──────── Data segment ────────
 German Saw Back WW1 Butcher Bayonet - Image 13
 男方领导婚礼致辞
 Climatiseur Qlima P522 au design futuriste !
────────
Work instructions
From the first line to the last, return the data exactly as written.

Output for this exercise
 German Saw Back WW1 Butcher Bayonet - Image 13
 男方领导婚礼致辞
 Climatiseur Qlima P522 au design futuriste !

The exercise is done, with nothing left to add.